Instructions for the task: Find the line containing "Imagen de la" in the listing below; reproduce it and every line after, exactly. Skip pictures.

Material for this exercise:
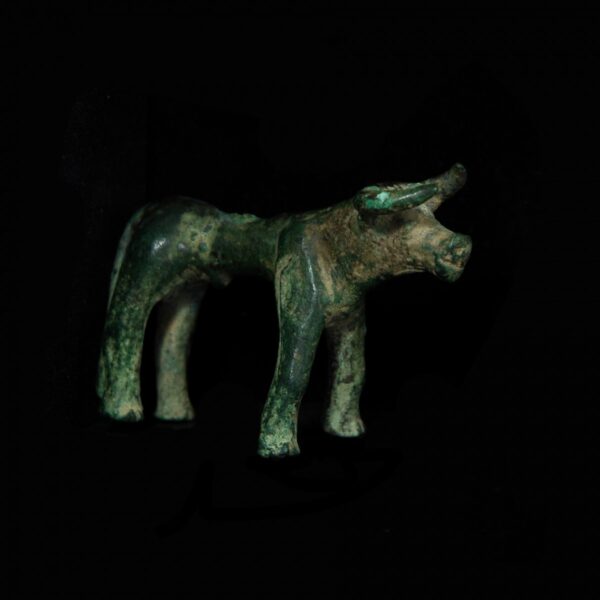 Nuragic Bronze Bull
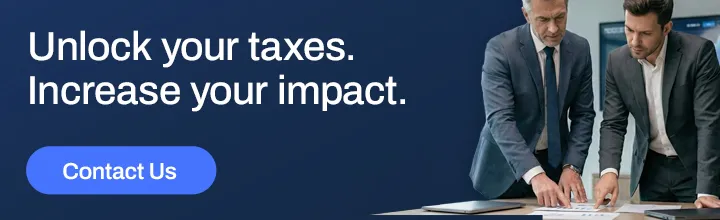 Unlock your Generosity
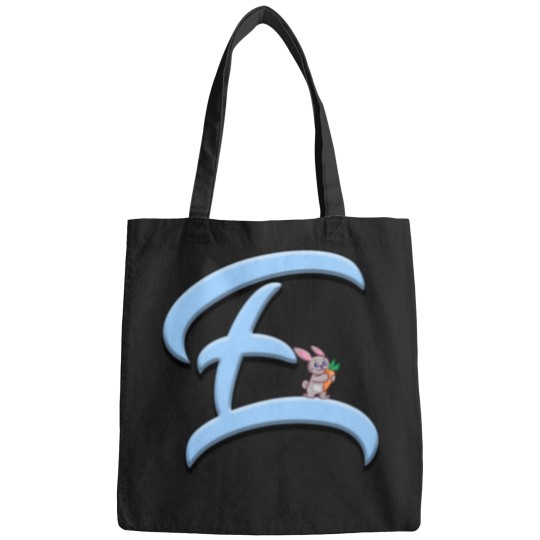 Discover Cute Letter E Animals (2) Bags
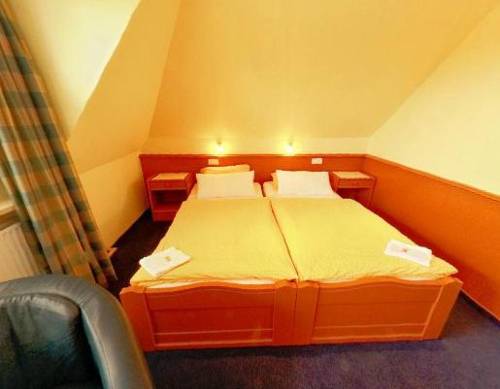 Imagen de la habitación del Hotel Morgensonne. Foto 10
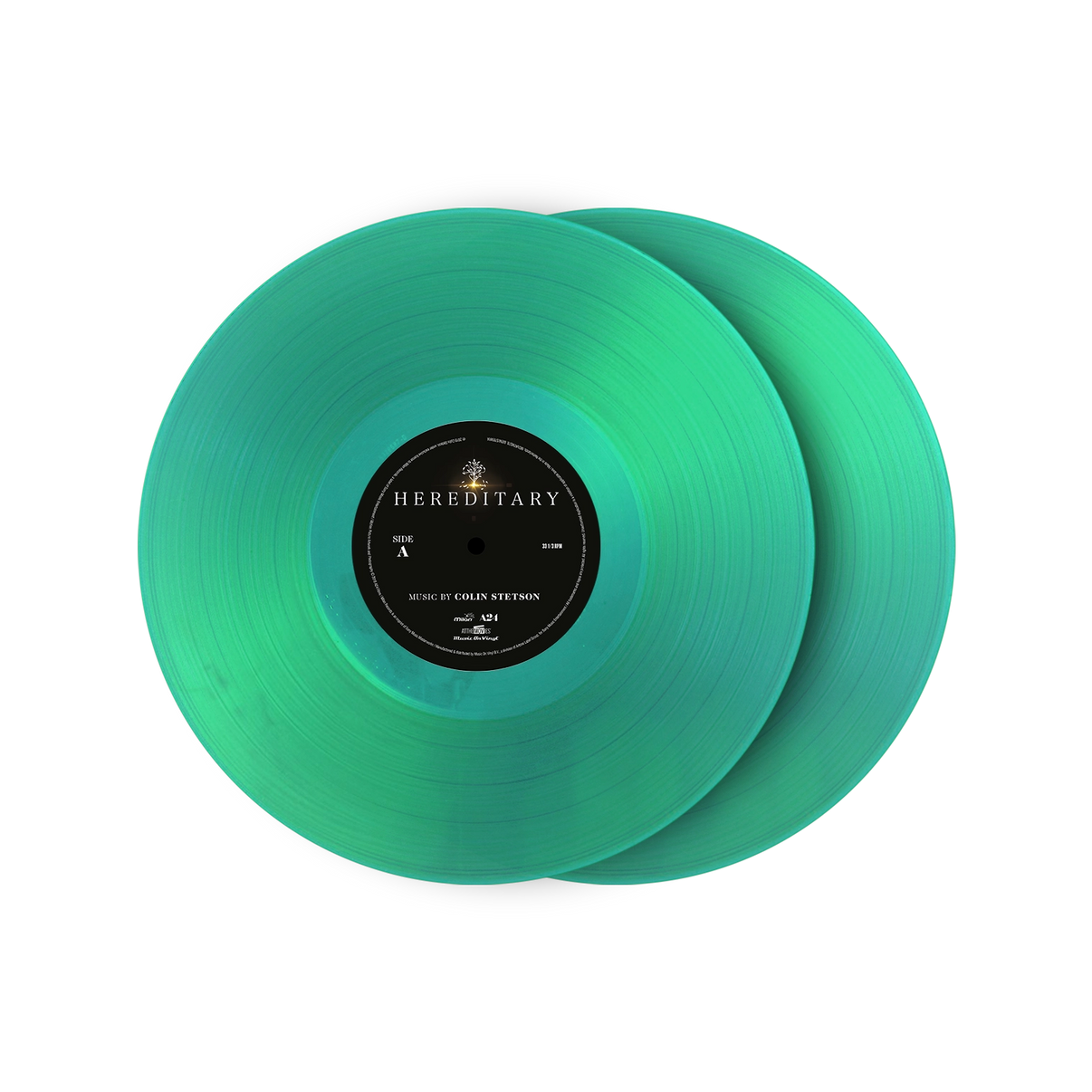 Hereditary (MOV | PRE-ORDER: 02/21/2025 / TRANSLUCENT GREEN VINYL) | Mint (M) Mint (M) - SOUNDTRACK *NEW/COLOR*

Response:
 Imagen de la habitación del Hotel Morgensonne. Foto 10
 Hereditary (MOV | PRE-ORDER: 02/21/2025 / TRANSLUCENT GREEN VINYL) | Mint (M) Mint (M) - SOUNDTRACK *NEW/COLOR*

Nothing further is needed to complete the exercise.